GÜNÜ DEĞİŞTİRMEYİ DÜŞÜNDÜK AMA
Türkiye’de yıllardır devam eden enflasyonun her ayın 3’ünde açıklanması uygulamasını da eleştiren Çetinkaya, bu tarihin neden belirlendiğinin sorgulanması gerektiğini söyledi. Çetinkaya, “Bu tarihi değiştirmeyi düşündünüz mü” sorusuna da “Düşündük ama ‘TÜİK makyaj yapmak için daha fazla zaman ister’ derler diye kendimizi geri çektik” yanıtını verdi.
ZAMLAR ERTELENDİĞİ İÇİN
Haziran ayında beklentilerin altında gelen enflasyonla ilgili de konuşan Çetinkaya, “Niye 1.64 çıktı enflasyon? Kamu zamlarının bir kısmı temmuza kaldı. Bu temmuz enflasyonunu etkileyecek. Bence gerekçelerden biri bu. Haziran ayı 20, 30, 40 yıllık verilere baktığınız zaman en düşük enflasyona sahip” ifadelerini kullandı.

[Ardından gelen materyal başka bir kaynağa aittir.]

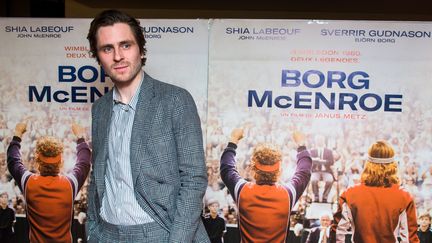 L'acteur&nbsp;suédois Sverrir Gudnason pose devant l'affche du film Borg MacEnroe. (MAXPPP / EFE)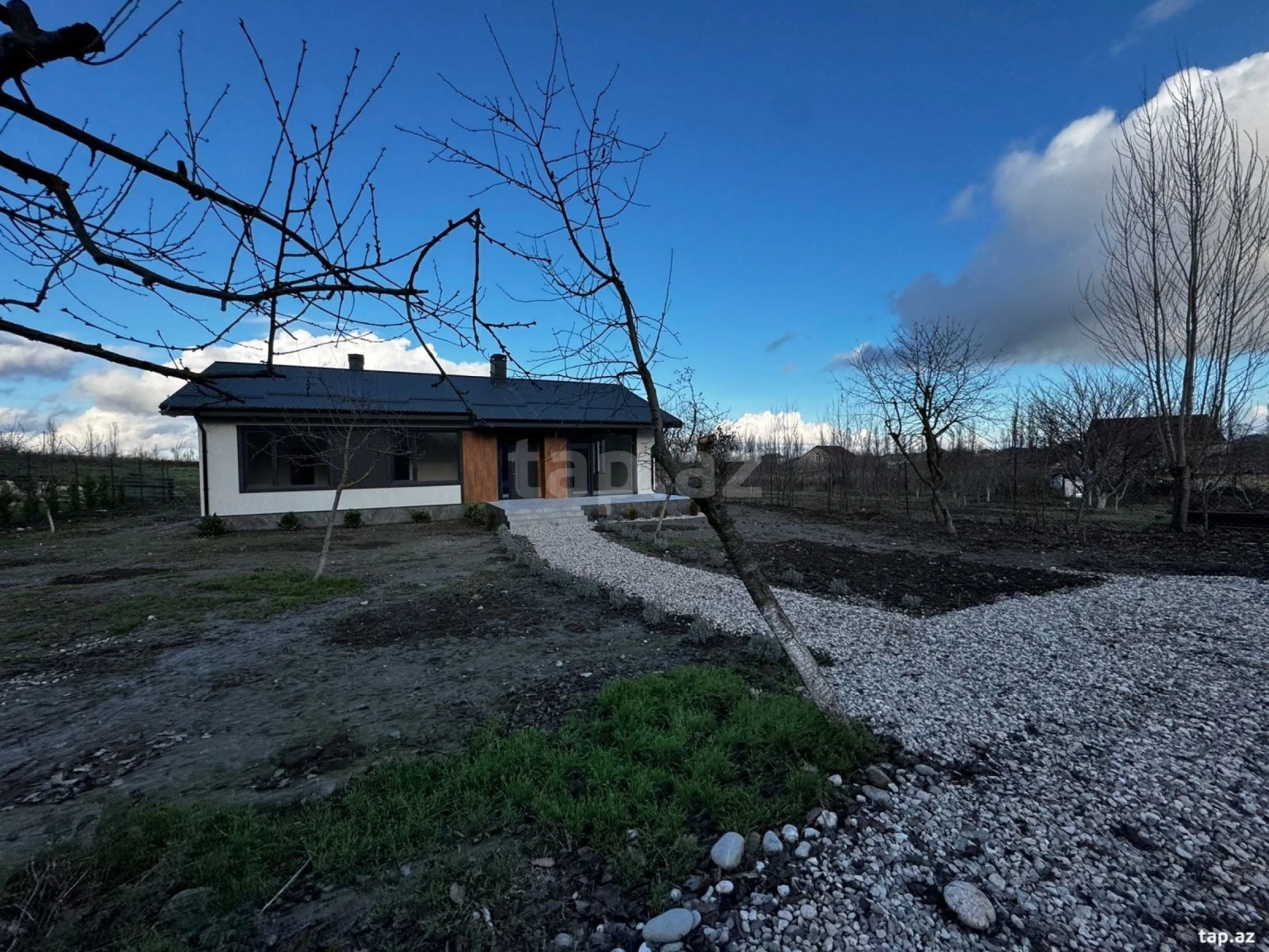 Satılır 3 otaqlı həyət evi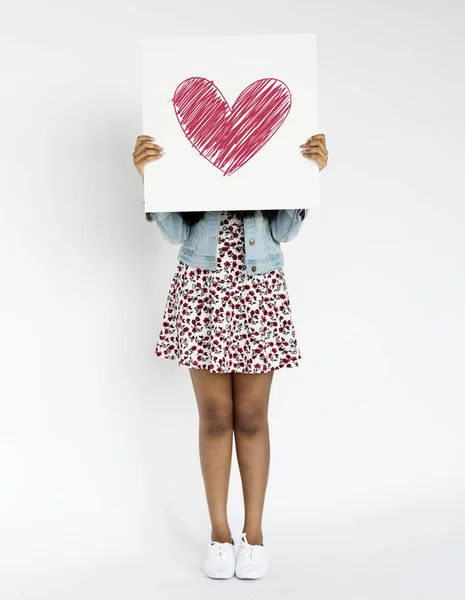 Kalp sembolü ile banner tutan kız — Stok fotoğraf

ENAG’IN METODOLOJİSİ FARKLI
Çetinkaya her ay en enflasyon verisi açıklayan ENAG’la ilgili de konuştu. Bir araştırmanın Türkiye genelini temsil edebilmesi için uygun örnekleme yöntemlerinin kullanılması gerektiğinin altını çizen Çetinkaya, şunları kaydetti:
“TÜİK ve ENAG verileri arasındaki farkı, kira fiyatları hesaplamalarında görebiliriz. TÜİK tarafından takip edilen kira fiyatları için diğer tüm mal ve hizmet fiyatlarında olduğu gibi sabit tanım ve kalitede seçilmiş olan 5 binin üzerinde konutun aylık kira değeri izlenmektedir. ENAG, her ay tüm kiracılar yeni bir eve taşınıyormuşçasına hesaplama yapıyor, internet üzerinden her ay gözlemlediği artışları yanlış şekilde üst üste ekleyerek şişirilmiş bir zam hesabı yapıyor.”